WHAT IS NEEDED - Exactly the lines from the line with "Crystal ice cream" through the final line of the records below, both ends included, are to be set down. Do not include pictures.

Scraped caption text data -
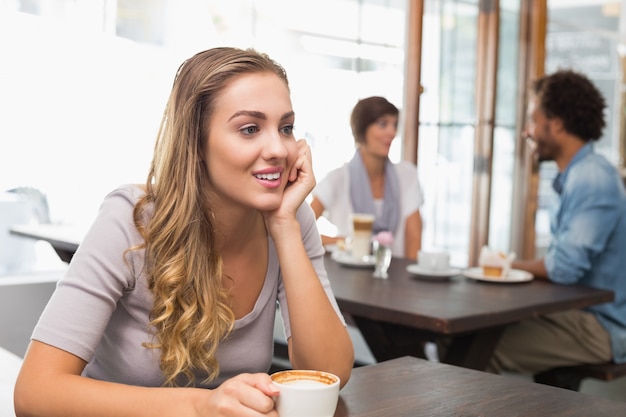 Pretty blonde enjoying a coffee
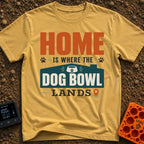 Where Dog Bowl Lands - T-Shirt in Mustard - Typographic design reading "HOME IS WHERE THE DOG BOWL LANDS" featuring...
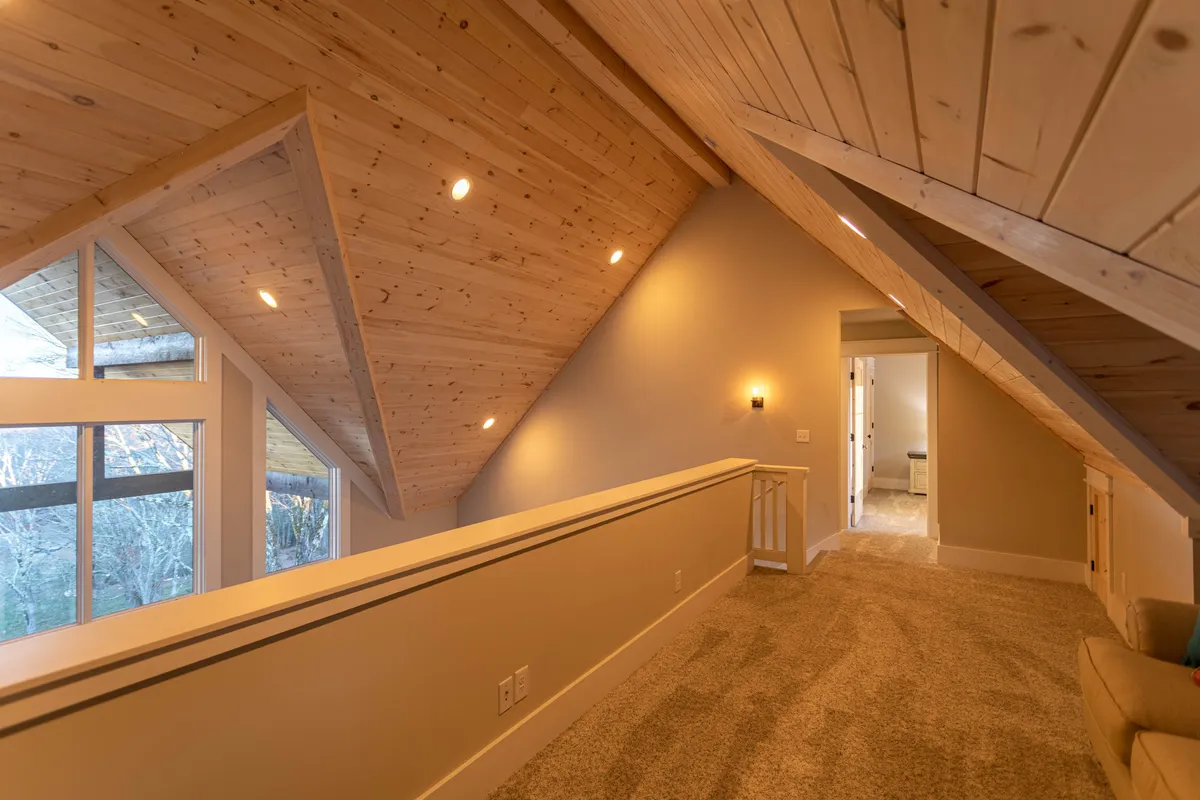 A tranquil, loft-like space under angled wooden ceilings, featuring soft carpeting and large windows that flood the area with morning sunlight. The open doorway hints at the versatile use of this area for relaxation, reading, or socializing.
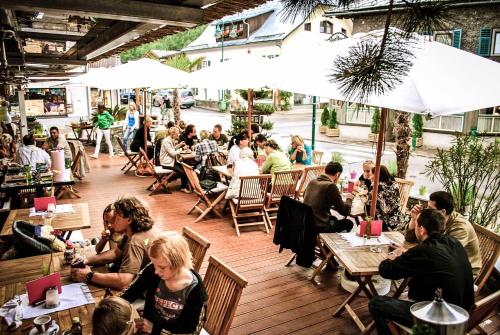 a group of people sitting at tables in a restaurant at Hotel Wintergarten in Schladming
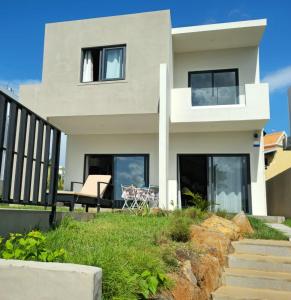 a white house with black windows and a balcony at Entire villa with private pool and seaview Albion Mauritius in Albion
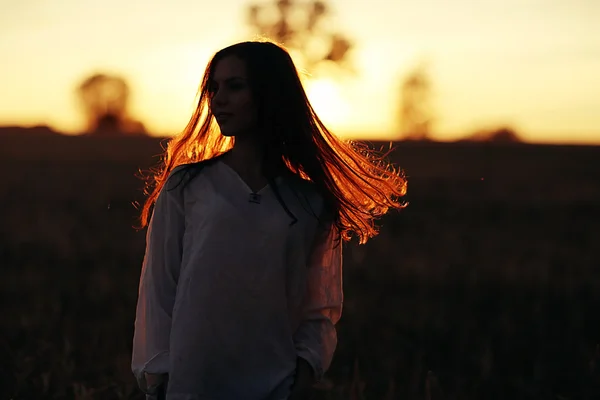 Menina com cabelo comprido ao pôr do sol — Fotografia de Stock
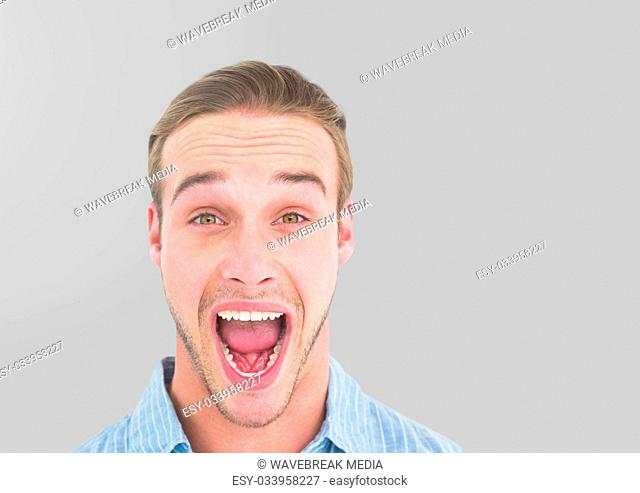 Portrait of cheering Man with grey background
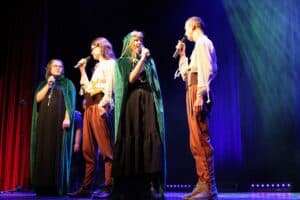 Występ muzyczny ŚDS Akademia Artystyczna: cztery osoby w kostiumach na scenie, śpiewają do mikrofonów. Dwie kobiety mają długie, zielone peleryny z kapturami w stylu fantasy. Dwie inne osoby mają na sobie luźne, jasne koszule i brązowe spodnie. Scena jest oświetlona mocnymi, niebieskimi i zielonymi światłami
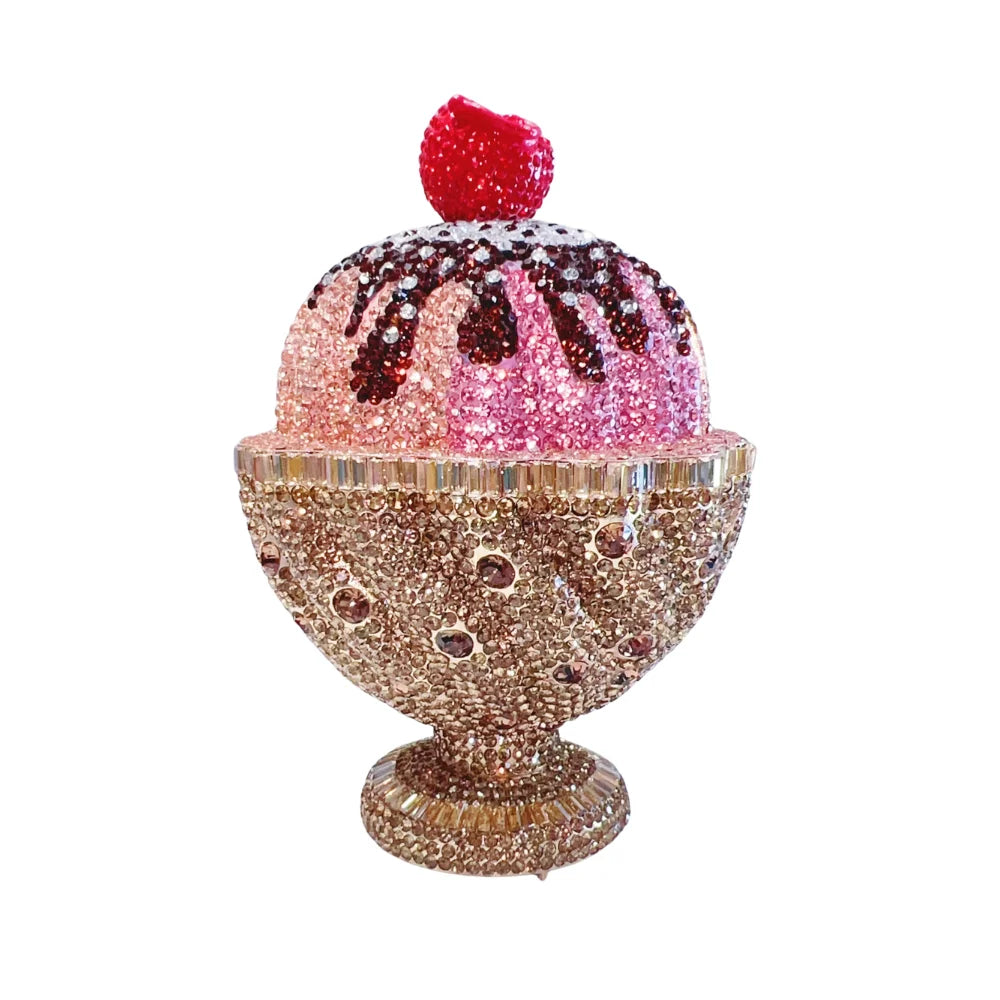 Crystal ice cream sundae clutch bag with pink, brown, and gold rhinestones and a red cherry topper. Designer handbag.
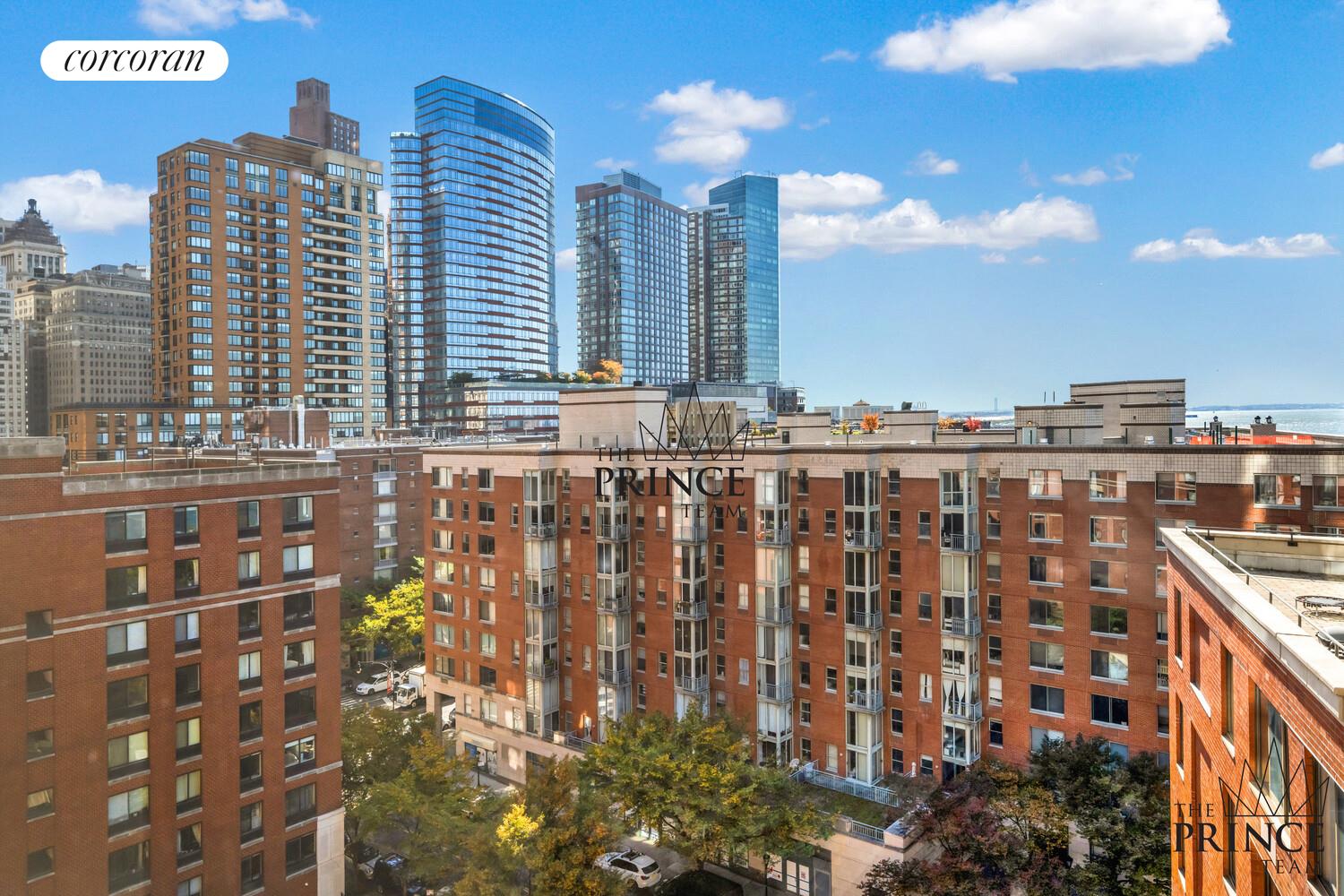 380 Rector Place, Unit 10F Manhattan, NY 10280 - Photo 6 of 14 a view of a city with tall buildings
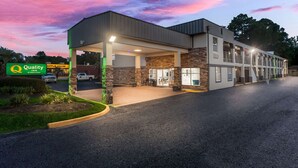 A hotel with a covered outdoor area, a sign for Quality Inn by Choice Hotels, and a stone facade.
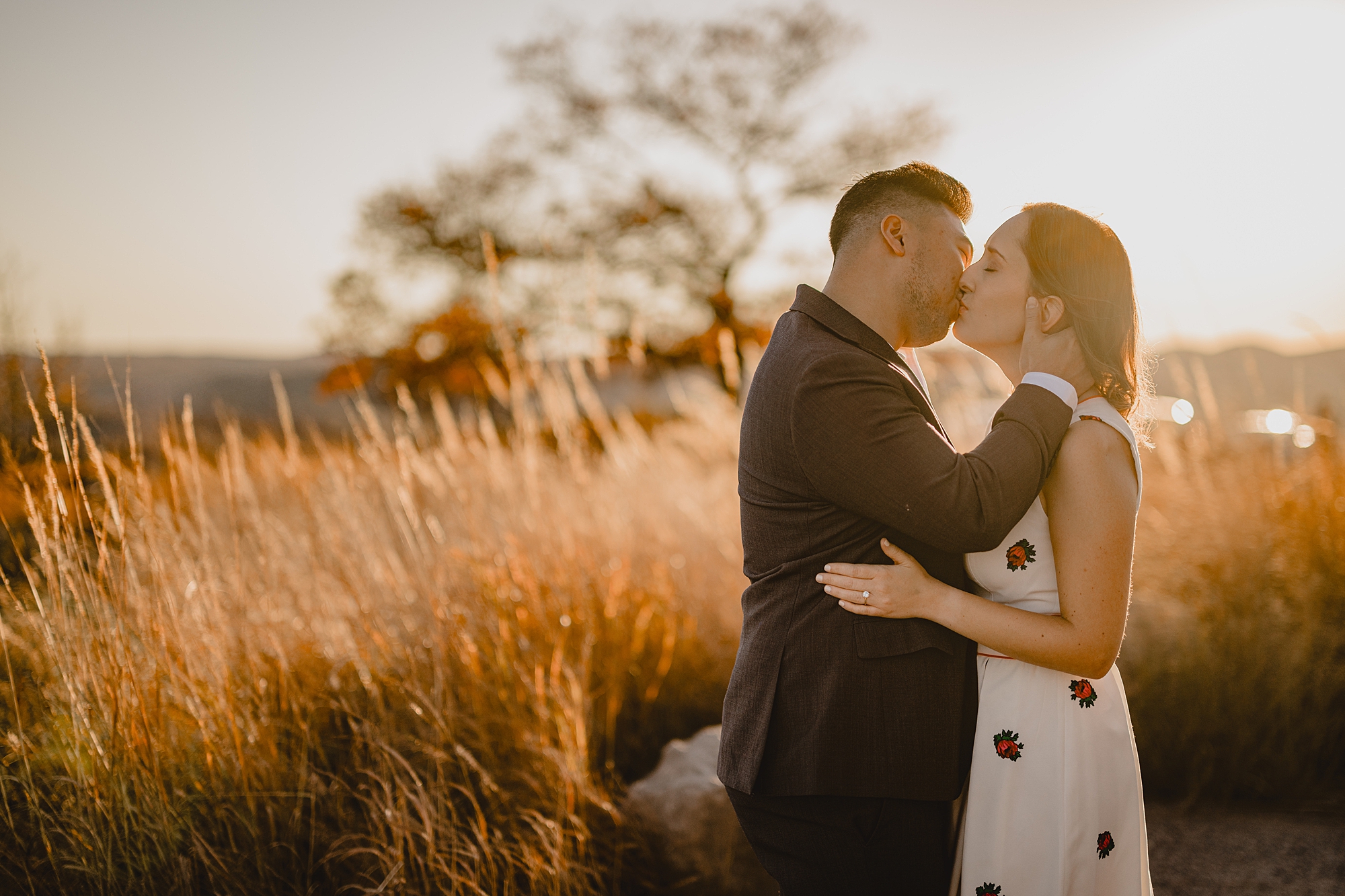 engaged couple kisses at sunset during fall engagement session on Bear Mountain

RESULT -
 Crystal ice cream sundae clutch bag with pink, brown, and gold rhinestones and a red cherry topper. Designer handbag.
 380 Rector Place, Unit 10F Manhattan, NY 10280 - Photo 6 of 14 a view of a city with tall buildings
 A hotel with a covered outdoor area, a sign for Quality Inn by Choice Hotels, and a stone facade.
 engaged couple kisses at sunset during fall engagement session on Bear Mountain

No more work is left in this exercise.